Political Philosophy becomes Ideology
With the advent of the French Revolution and the American War of Independence a new political philosophy was maturing (Mastin 2008). That philosophy has been Liberalism. Historically the roots of Liberalism can be traced back much further to the English Civil War and even further back if you truly are a revisionist. Likewise, Conservatism also can trace its roots far into history’s deep depths to Aristotle and Confucius (Hamilton 2016). For the modern day person, particularly if living on the North American landmass the debate between the two philosophies mirrors party divides and religious practices, especially in the U.S.A. This formation of intellectually armed camps has doggedly focused on the differences between the two philosophies to the point that both are viewed as been the antithesis of one another. This has had the unfortunate consequence of no real healthy debate and understanding taken place between proponents of both philosophies with both camps resorting to name calling and stereotyping to prove a point. It appears both philosophies have become unquestioning ideologies serving to divide the relevant population. This stance would undeniably cause many of the important contributors to both ideas to turn horribly in their graves.
The article will first shed light on what both Liberalism and Conservatism are as philosophical ideas as well as what they arose from historically. I will remain focussed on the more classical interpretations as both Liberalism and Conservatism have both numerous divisions and differing opinion within the ambit of their discussions. As both ideas cannot be called unified in approach or content the fact that they are presented as an ideology seems even sillier. Following the brief discussion on Liberalism and Conservatism, a discussion on their similarities will follow intended to highlight the idea that they are not so fundamentally different and in the realm of everyday politics both are applied equally by differing political opponents.
In a very broad sense, Conservatism expresses the altogether very human fear of radical change and constant attempts to try and prevent it. Thus, proponents of Conservatism have promoted tradition over radical change or revolution (Mastin 2008). Conservatives do not reject change but rather change should occur slowly, unlike in the case of the French Revolution for example. Historically Conservatives, due to placing importance on tradition and the status quo, have been in support of absolute monarchies and provided the main intellectual opposition to revolutions that overthrew the monarchy whether in Great Britain or France.

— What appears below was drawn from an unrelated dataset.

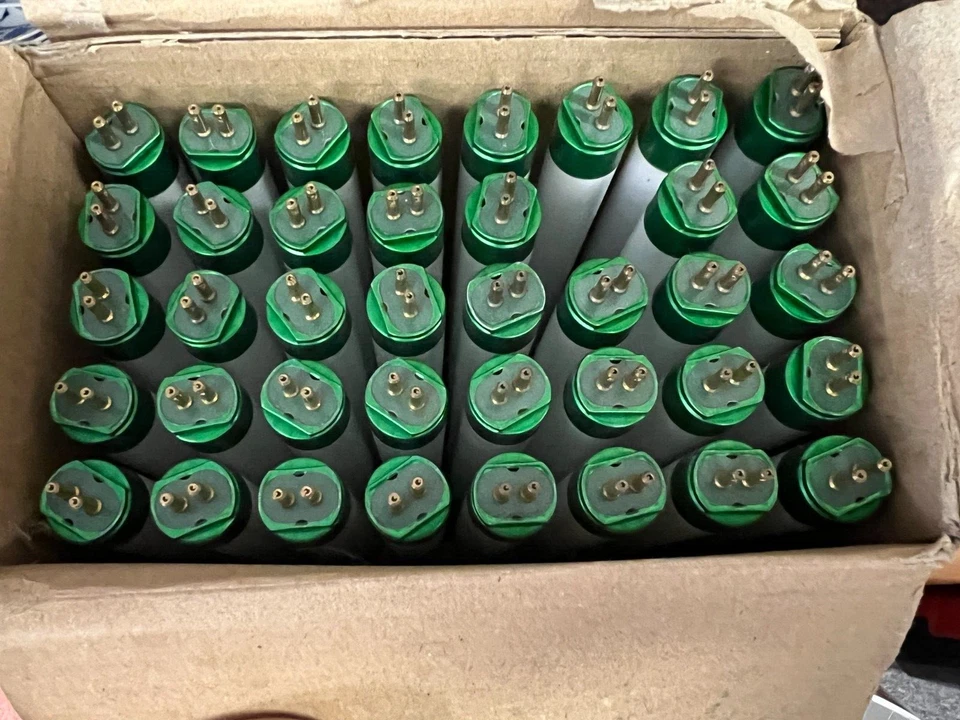 Philips 28W 46in T5 Tubo Fluorescente Blanco Neutro Recubierto de Seguridad (Caja de 39) Foto 2 de 4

With the violence that revolution and civil war naturally entail it is easy to argue against such radical change. Conservatives today are associated with right-wing politics (Mastin 2008) which typically value private ownership, individualism and self-reliance. They tend to place value on traditional religious values and can be ethnocentric in an attempt to protect the values mentioned above.
As Conservatism looks to preserve what its followers see as a tradition it can be very hard to define Conservatism. For example, while conservatives in Britain would support the monarchy and the land owning classes out of a sense of tradition giving rise to the Tory Party known for its conservative right wing policies, the government of Margaret Thatcher included policies that would typically be examples of classic Liberalism. This is due in part to the need to adopt policies that would protect the ideas held dear by conservatives even if not the typical conservative. Hence by opening markets and preventing government interference, a typically liberal idea, the idea of private ownership can be protected. Although some schools of Conservatism would disagree with such policy if it was seen contrary to a religious value, for example, change cannot be stopped particularly in light of advance in technology. Thus, conservatives look to slow or retard change to prevent what they may see as potential moral ills resulting from unintended consequences (Mastin 2008). This also displays another important trait of Conservatism historically, that it has influenced and been influenced by other political ideas such as Nationalism. While nationalists would seek to promote the sovereignty of a nation and protect its borders from foreign attacks or influence, conservatives would likewise approve of such policies. So while conservatives look to prevent drastic change over the course of history the values often held by conservatives has changed often causing rifts within conservative politics and ideas.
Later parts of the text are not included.